Key takeaways
  • Claude Opus 4.8 writes its own orchestration scripts and runs hundreds of agents in parallel. You describe the goal; Claude designs the workflow, dispatches the workers, and cross-checks the results.
  • Opus 4.8 is roughly 4x less likely than 4.7 to let code flaws pass unflagged, scores 84% on Online-Mind2Web, and leads the Legal Agent Benchmark. Fast mode runs at 2.5x speed and 3x lower cost; base pricing stays at $5 input and $25 output per million tokens.
  • Dynamic workflows fix three documented failure modes: agentic laziness, self-preferential bias, and goal drift. The plan moves out of the context window and into a script the runtime executes.

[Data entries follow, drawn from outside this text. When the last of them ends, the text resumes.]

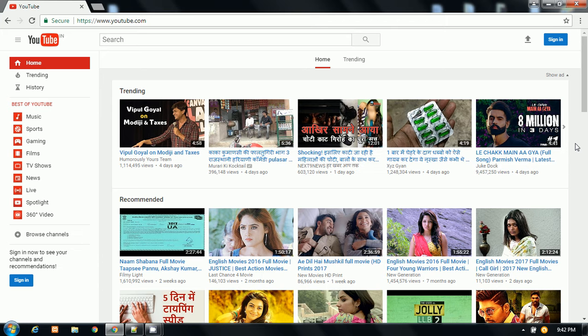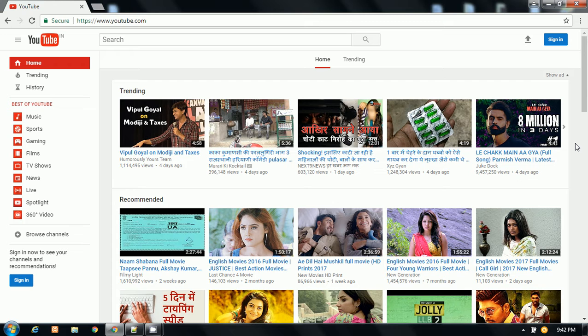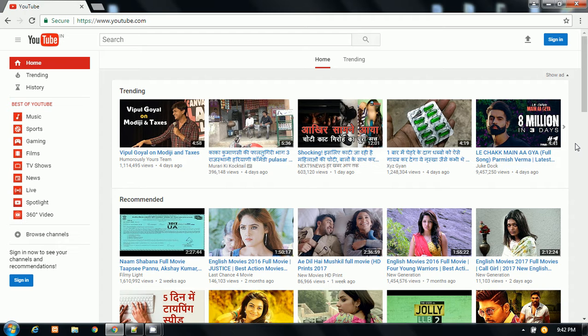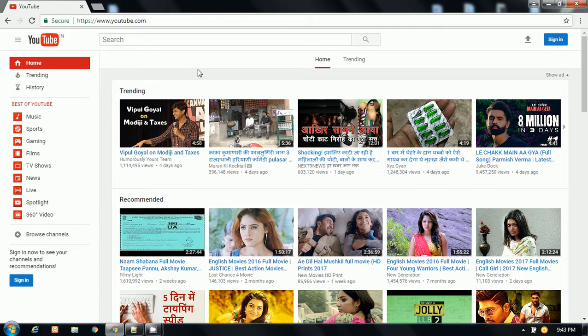Hello friends, this is Pankaj Panjwani. Today I will show you the first YouTube trick in my PC tricks and tips video lecture series. From today, I will start some new tricks related to YouTube.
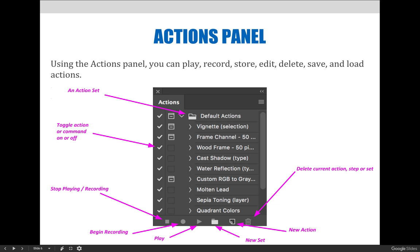Last but not least, the last icon on the right hand side of the panel is the trash can. You can select an action or an action set, or even a step within an action, and then press this icon to delete it.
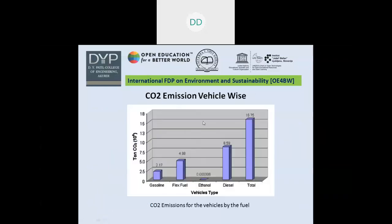If you observe CO2 emissions by vehicle fuel type: a vehicle can run on gasoline (petrol), flex fuel, ethanol, or diesel. The vehicle utilizing ethanol is responsible for generating the lowest amount of CO2. My suggestion is that we should replace gasoline with ethanol. However, there are practical limitations to converting all vehicles to ethanol, but ethanol-powered vehicles will generate very little CO2.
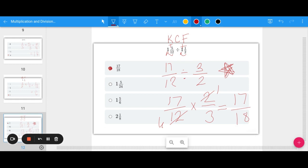Multiplying and dividing fractions is not as scary as it looks, and I hope you found this video helpful. Let us know in the comments below, and make sure you check out the rest of our videos and our free HESI resources in the description of this video.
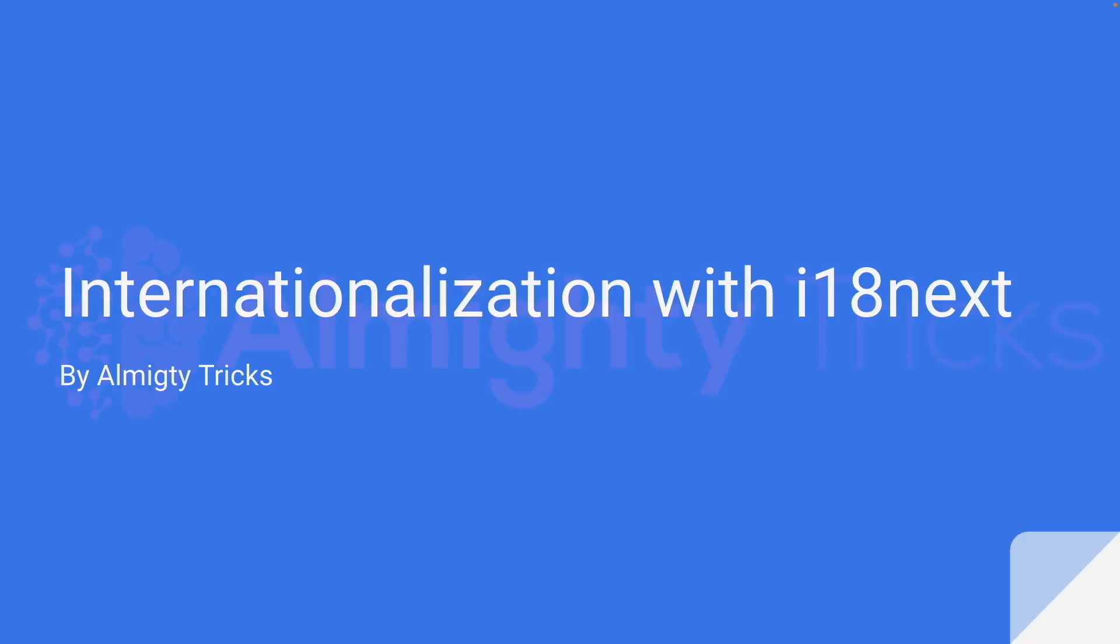Hello everyone, welcome to Almighty Tricks. In this tutorial we are going to understand about internationalization concept and we'll be developing one website which will support internationalization. To start with this tutorial we need some prerequisites, let's understand those things.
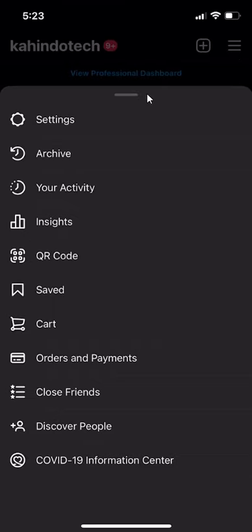This menu will appear. When this menu comes up, look on the very top and click on where it says Settings.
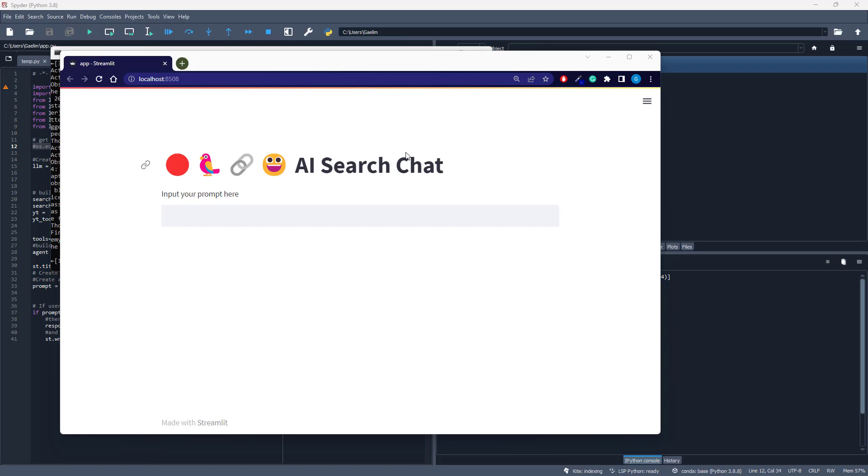One of the current limitations of the ChatGPT model is that it does not have access to current information. However, we can sidestep that issue by building our own Streamlit app powered by a GPT model using an agent that will go out and search the internet and provide the information that we're looking for.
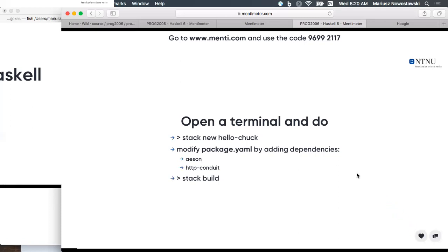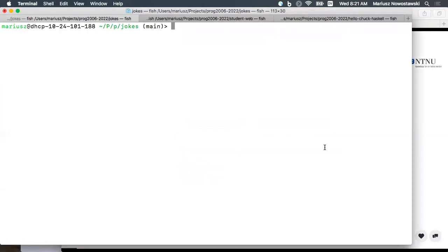I would like this session to be a little bit more coding, so you will be doing a little bit of coding. Take some time now, open your terminal — you may need to get off the bat because you will be typing. Open a terminal, start up a new project, call it whatever you want, but I call it HelloChuck. So: stack new HelloChuck. And what I want you to do is modify the package.yaml file by adding those two dependencies.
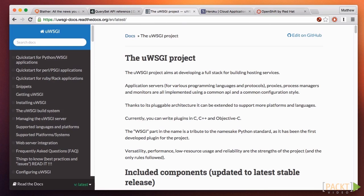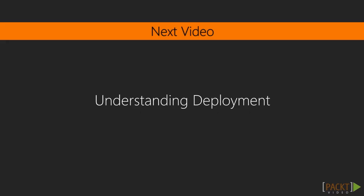Okay, so now we know that uWSGI is the tool to use. Let's talk about what happens during a typical deployment.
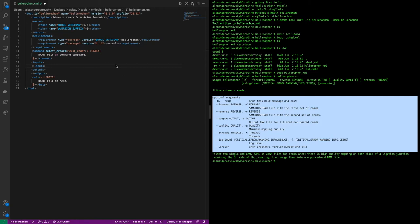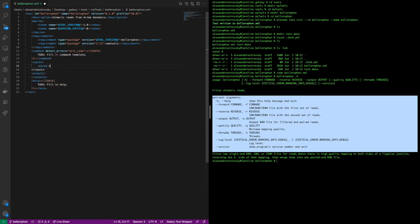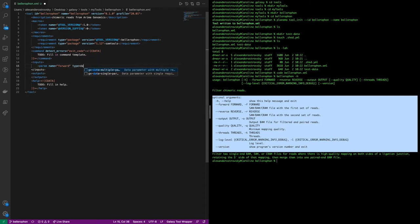Here, there are three parameters that should be accessible to the user. Those are forward, reverse, and quality. Output will be set as part of the command, but not directly shown to the user. Threads, log level, and version should not be exposed to the user either, and therefore will not be included in the inputs section.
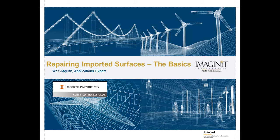Hi there. I'm Walt Jaquith, applications expert for Imaginate Technologies and certified Inventor Professional.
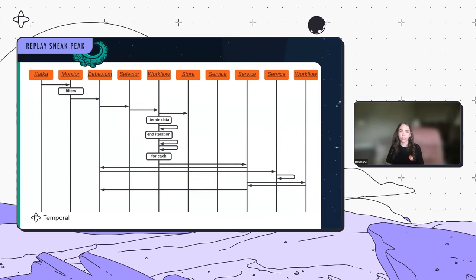Your description of passing CSVs around is giving me flashbacks to working in business intelligence. Removing those points of possible failure is so important.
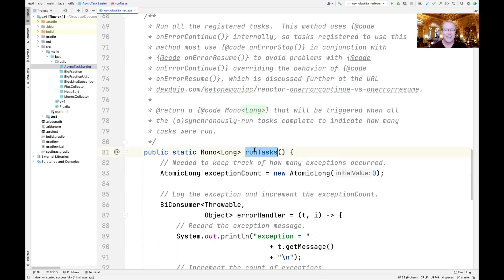The real interesting method here is run tasks, which is used to run all the tasks registered via register. This method will use onErrorContinue internally, and that operator is subtle because it means that any of the tasks registered with the AsyncTaskBarrier must use the onErrorStop operator in conjunction with the onErrorResume operator if they want to do that type of exception handling, in order to avoid problems with onErrorContinue overriding the behavior of onErrorResume. If you want to learn more about the subtleties involved, take a look at the provided link, which goes into detail about how you can work around that by using onErrorStop.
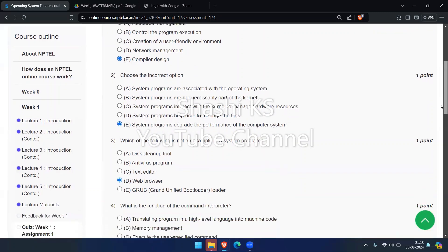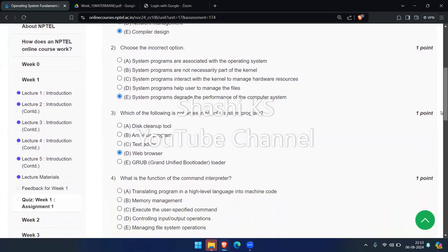The next question: what is the function of the command interpreter? The options are translating programs written in a high-level language into machine code, memory management, executing the user-specified command, controlling input/output operations, and managing file system operations. The right answer is executing the user-specified command.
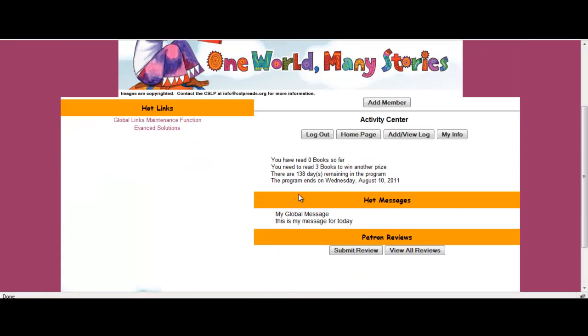Now managing a summer reader program as a group is the exact same as being an individual. I still have the same options of looking at my hot links, looking at patron reviews, hot messages, but I also have my activity center.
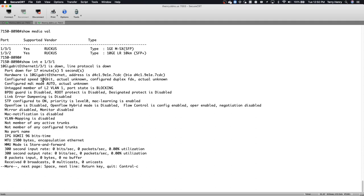So even though I have a 1 gig optic or SFP installed, it's still showing me that it's configured for 10 gig. So if I wanted to change that, I would have to go into that interface in the command line and do a speed-duplex 1000-full in order to set that to gig.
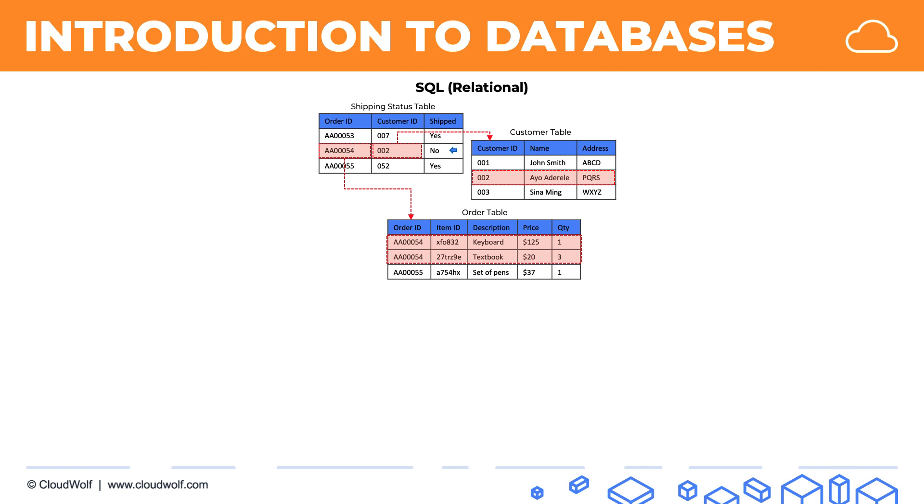Now on the other hand, we have non-relational databases or NoSQL databases, and they were created more recently. Relational databases have existed for a very long time, but non-relational databases have been created recently for specific use cases where relational databases are not fast enough anymore because of the volume of data that we have in today's world.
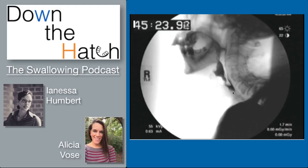Considering where the bolus position is in the pharynx when the swallow is initiated is an important factor — not necessarily blaming the bolus, but keeping in mind where that position is. Once the swallow started, the bolus was right there. It could be that this pattern of starting the swallow with the bolus in the piriform, which has been documented in healthy older adults, was this person's baseline behavior before the stroke. But now that the stroke has happened, it puts this person at greater risk.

Describe the goal. Claude designs the factory. That is the real story of Claude Opus 4.8 and dynamic workflows: tell Claude "refactor all 500 files in this codebase to use the new auth pattern" or "scan every API endpoint for security vulnerabilities," and it writes the plan, splits the work, dispatches the workers, cross-checks the results, and brings you a verified answer.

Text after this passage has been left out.